From ICAO and the national regulators of aviation down to individual operators, the pursuit of safety is an ever developing challenge. At its very core, success lies in open, honest reporting. Everyone has the ability to observe and speak up and in its most basic form; this is one of the places where safety begins. It may be wrapped grandly in a formal reporting system, or bound in the pages of an official accident report, but fundamentally it is about being honest. Whether it involves reporting potential safety issues or dissecting a tragedy in hindsight, there is no room for cover-ups or misplaced silence. Well chosen words may save lives.
But the road is not paved with gold just yet. There are still companies and cultures that do not encourage ‘speaking up’; whether on the flight deck or on a written form. In these environments, the benefits of safety have still yet to take full hold. Only when aviation professionals feel comfortable reporting mistakes and transmitting ideas can the group work together to minimise risks. Generally referred to as a “Just Culture”, it is an environment that encourages open communication without fear of reprisal.

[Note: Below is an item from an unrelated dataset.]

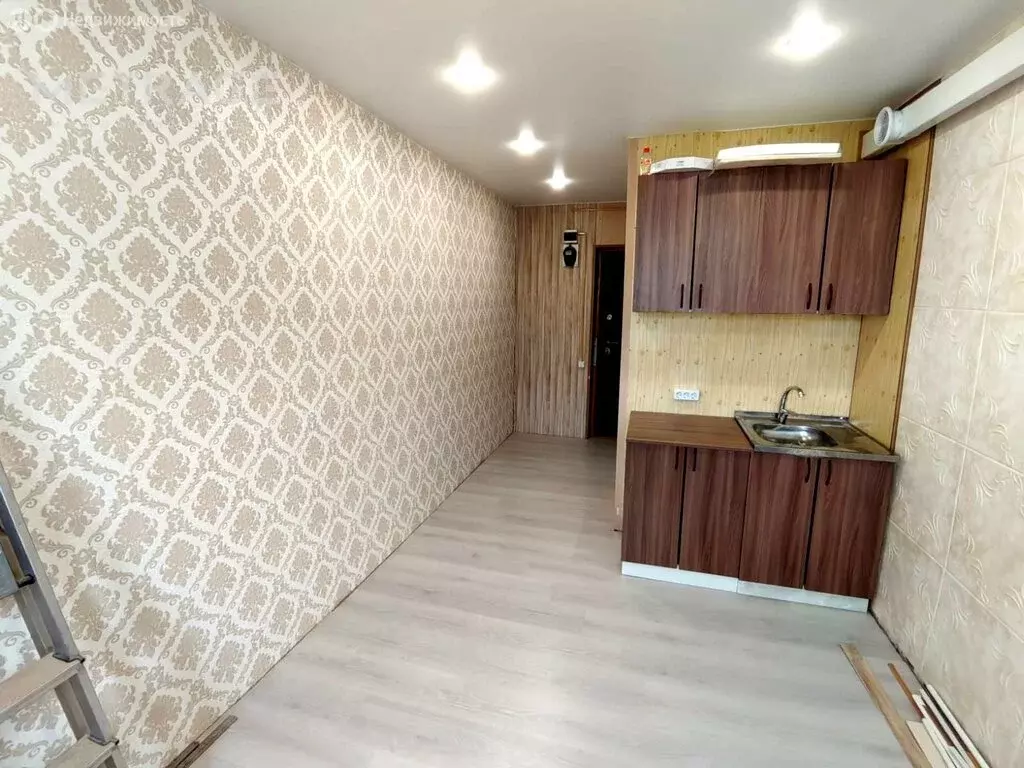 1к в -комнатной квартире (14.4 м) - Фото 0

So what does that mean to a lone pilot sitting in his Beechcraft Baron on a dark, wet threshold about to open the throttles?
It means that you are not alone. Somewhere before, a pilot has executed the same manoeuvre and contributed to the pool of knowledge that better prepares the next pilot. On such a dark wet night there are many dangers lurking. Sensory illusions due to acceleration trick the mind and only the instruments can be trusted. What if an engine should fail? Am I able to return to land or is there an escape path? Nearly every scenario that can be conjured has happened before and whether it culminated in a fatal crash or a moment of cold sweat, there is a lesson to be learned. The facts may be discovered by sifting through the wreckage or analysing a flight data recorder. Happily, they may also be found through self-reporting by a sensible, living, breathing pilot.

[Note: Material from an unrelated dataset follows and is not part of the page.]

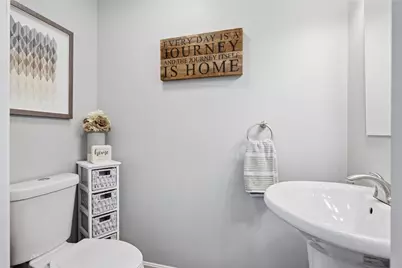 100 Woodlawn Avenue #3, North Providence, RI 02904 - Photo 10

By whichever means the facts should surface, pilots should grab them with both hands. Aviation is an ongoing process of education and this is never more applicable than when we have the opportunity to read or the near misses and misfortunes of others. To the outsider this may appear ghoulish, but to those in the field it is cherished knowledge. Often sobering, these tales of misadventure fill the accident report sections of journals across the world.

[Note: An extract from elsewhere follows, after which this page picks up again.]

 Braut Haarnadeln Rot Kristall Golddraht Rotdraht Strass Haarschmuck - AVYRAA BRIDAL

It is equally important that we remain impartial as we digest the cold, hard facts. For in the safety of our armchairs it is impossible to recreate the mindset of another, or to feel the pressures and distractions that may have led to some terrible omission or oversight. It is not our place to judge with the benefit of hindsight, rather we should glean every ounce of knowledge that can be stored away for use on our own dark, wet night. Often, the pilot will have paid the ultimate price for a perfectly human error and there is nothing to be gained from slurring the reputation of another. In fact, such talk infers a sense of superiority and a belief that the mistake was merely simple and stupid. Beware! There is no room for such complacency in aviation.
I once watched a filmed re-enactment of the final approach of an ill-fated airliner. As the final stages of the approach became more hurried and communication more confused, error after error began to surface with increasing frequency. But rather than sitting in judgement, the hair rose on the back of my neck and a doomed sense of empathy with the crew stirred in my guts. I sat in air-conditioned comfort, knowing the final outcome of this approach, but I equally recognised the conditions that had placed this aircraft and all onboard in harm’s way. I could see the lurking demons of weather, systems failures, commercial pressure and fatigue stalking the hapless crew and I wanted to warn them from my comfortable chair. But it was all to no avail.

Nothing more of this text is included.